Demica closing in on new origination team
Receivables reporting firm Demica is hiring several senior bankers in Europe and the US as it reboots itself as a arranger of comprehensive securitization solutions to small and middle sized companies.
Former Lloyds and Royal Bank of Scotland conduit securitization pro Tim Davies started at Demica three weeks ago in the newly created role of head of origination for Europe.
Davies aims to build a team of director and managing director-level securitization professionals in Europe, to provide origination and structuring services for trade receivables securitizations for mid-cap companies.
The firm is close to making hires to cover France, Germany, Spain, and Italy. The new staff will be based in London but will travel regularly, Davies told GlobalCapital.
He hopes to have a full team of six or seven bankers in London by the end of the year. Demica was planning to expand into the US after hiring in Europe, but that may happen sooner than expected, Davies said.
“We’ve found two candidates that are good enough, so we may be hiring someone to run the US,” he said.
Demica has a satellite office in San Francisco, but the new US hires would be based in New York, he added.
Davies will first focus on providing financing to small and medium sized businesses with an eye to securitizing the loans and selling them on the private market. Demica has a potential pipeline of trade receivables deals up first but may also expand into supply chain finance and consumer loan portfolios.

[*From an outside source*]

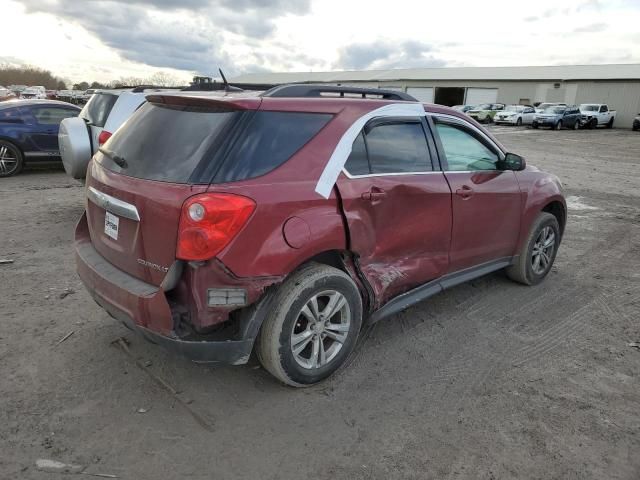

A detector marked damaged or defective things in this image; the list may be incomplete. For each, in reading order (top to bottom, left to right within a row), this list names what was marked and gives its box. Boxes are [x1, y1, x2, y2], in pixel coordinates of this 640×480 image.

damaged red suv [76, 85, 564, 386]
damaged door [336, 117, 450, 306]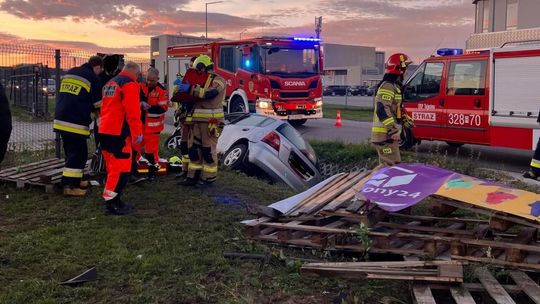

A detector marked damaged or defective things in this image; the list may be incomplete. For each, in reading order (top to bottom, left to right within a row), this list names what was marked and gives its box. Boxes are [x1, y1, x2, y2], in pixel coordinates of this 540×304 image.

Banks, which historically provided securitization services to small and medium businesses, primarily in the form of asset-backed commercial paper conduits, have been largely absent from the trade receivables securitization market since the crisis, focusing primarily on larger corporate clients. Capital charges imposed on securitizations since the crisis have made deals for SME credits too costly.
“The deal sizes are chunky and the margins are thin,” Davies said.
Once Basel III rules are fully implemented, banks are likely to retreat even further from securitizing SME’s trade receivables. Trade receivables programmes have assets with quick churn, as little as 60 days, but under new rules such entities would be counted as one year programmes, adding to the capital cost for banks, Davies said.
Demica, which was bought by private equity firms JRJ Group, TomsCapital and 76 West Holdings last year, will provide financing to SMEs via third party investors and shareholders. The firm then plans to structure, underwrite and place securitizations of the receivables with investors.
A bonus, Davies adds, is that as an operator of a mainframe reporting system, Demica will also be able to provide investors with granular pool data.